Governo recruta gestores no privado
Ao que o Expresso apurou. pelo menos desde o final de agosto, a Heidrick & Struggles e a Boyden entrevistaram pessoas, sobretudo com carreira no sector privado e sem ligações ao funcionalismo público. Nas conversas, os elementos das empresas deixaram perceber que especificidades adquiridas no sector privado seriam particularmente valorizadas na apreciação. Este perfil contrasta com o currículo dos anteriores gestores dos PO temáticos, escolhidos entre altos quadros do funcionalismo público (embora possam também ter passado pelo privado).
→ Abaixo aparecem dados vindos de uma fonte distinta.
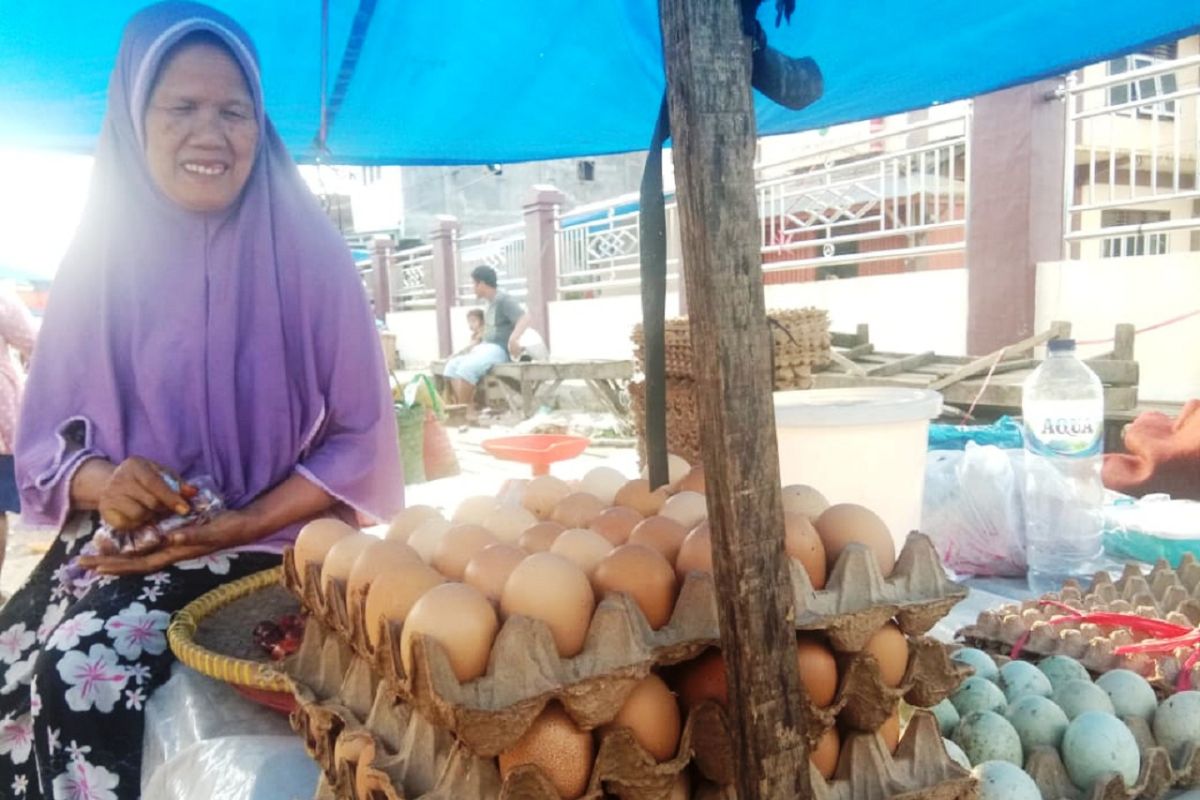 Harga telur ayam ras di Dharmasraya naik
As empresas encarregadas do recrutamento “valorizaram muito uma valência de gestão financeira”, disse ao Expresso José Santos Soeiro, o presidente da Agência para o Desenvolvimento e Coesão (ADC), criada pelo Governo para coordenar as políticas cofinanciadas pelos fundos europeus - e entidade que contratou diretamente a Heidrick & Struggles e a Boyden. A primeira pertence ao grupo Ongoing. A segunda é a multinacional de recursos humanos para a qual entrou em março o ex-presidente da Cãmara do Porto Rui Rio.
O Executivo esclarece que foram entrevistados quadros do privado e da Administração Pública. Castro Almeida defende o novo modus operandi: “É preciso ter gente de altíssima qualidade. São eles que vão decidir sobre milhares de milhões de euros. Quisemos procurar os melhores, mesmo gente que está bem e com emprego. E para isso estamos a fazer uma aproximação aos métodos seguidos pelas empresas privadas, que contratam as head-hunters que lhes podem indicar os quadros com o melhor perfil”.
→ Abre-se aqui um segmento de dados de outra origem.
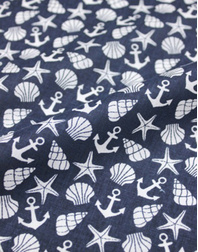 {[en]:Cotton fabric ''Marine caleidoscope''}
“Profissionalizar a escolha”
Para o secretário de Estado, “até agora o método tradicional de seleção tem sido a livre escolha. Ora, nós quisemos profissionalizar essa escolha”. Trata-se de “um passo em frente” e de “uma mudança virtuosa”, afirma. E de certa forma antecipando-se à critica, deixa cair que “tudo o que é inovador causa perturbação e descontentamentos”.
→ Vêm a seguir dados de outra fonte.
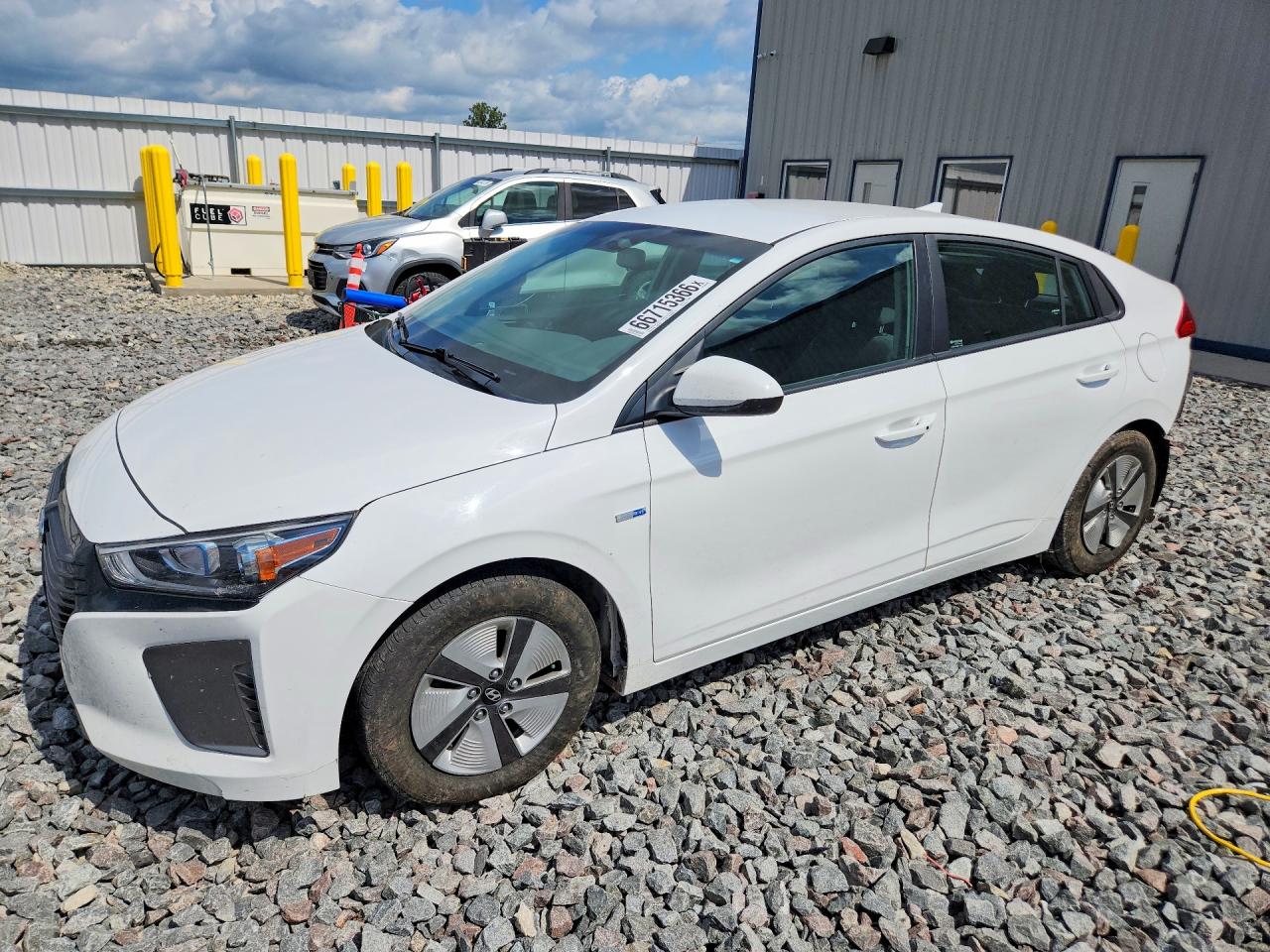 2018 HYUNDAI IONIQ BLUE | KMHC65LC2JU091373 | UPCARS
Nunes Correia, ministro do Ambiente, do Ordenamento do Território e do Desenvolvimento Regional do Governo de José Scrates - e responsável no Executivo pela coordenação da aplicação do anterior quadro comunitário (2007-2013) -, diz que esta prática demonstra a “hostilidade e a falta de respeito do atual Governo com tudo o que cheire a Administração Pública”. O ex-ministro diz que, no passado, “tendo em conta a natureza da tarefa, o conhecimentos dos fundos comunitários e da máquina do Estado era um requisito fundamental na escolha do gestor”. A identificação dos candidatos era feita a partir dos ministérios e nos organismos do Estado, nunca tendo havido o recurso a qualquer entidade externa para fazer o recrutamento, garante.
Segundo Fernando Neves de Almeida, managing partner da Boyden, o perfil dos entrevistados foi “definido” pela sua empresa, “com base no que irá ser a função das pessoas em questão”. A Heidrick & Struggles não deu qualquer resposta.
A totalidade dos chamados FEEI (fundos europeus estruturais e de investimento), sigla atual para os dinheiros oriundos de Bruxelas e destinados a Portugal até 2020, ascende a €25,6 mil milhões. Desse bolo, os PO temáticos, os confiados a gestores em processo de recrutamento, são uma camada significativa (quase €12 mil milhões), dividida em quatro fatias: PO competitividade e internacionalização, €4,4 mil milhões; PO inclusão social e emprego, €2,1 mil milhões; PO capital humano, €3,095 mil milhões; e PO eficiência de recursos e sustentabilidade, €2,2 mil milhões). Cada PO terá uma comissão diretiva, chefiada por um presidente ou gestor.
Cada empresa, segundo o presidente da ADC, entregou cinco perfis para cada gestor (20 pessoas no total). Entre as listas da Boyden e da Heidrick & Struggles (cujo trabalho custará cerca de €100 mil) há nomes repetidos, revela José Santos Soeiro. E entre eles, “há pessoas que exercem ou já exerceram no passado este tipo de funções”, acrescenta.
A palavra final será do Governo. O objetivo é “escolher as pessoas e submeter os seus nomes à CRESAP [a comissão que dá parecer sobre a nomeação de gestores públicos] até ao final de outubro”, diz o secretário de Estado. “E ficaríamos muito confortados se vierem a ser escolhidas pessoas da Administração Pública que já estão a gerir fundos”, admite.
https://www.boyden.pt/portugal/pt/media/8886/governo_recruta_gestores/index.html
Nesse caso, com alguma ironia, “os melhores”, os que vão gerir €11.892.685.407, estariam já dentro de casa.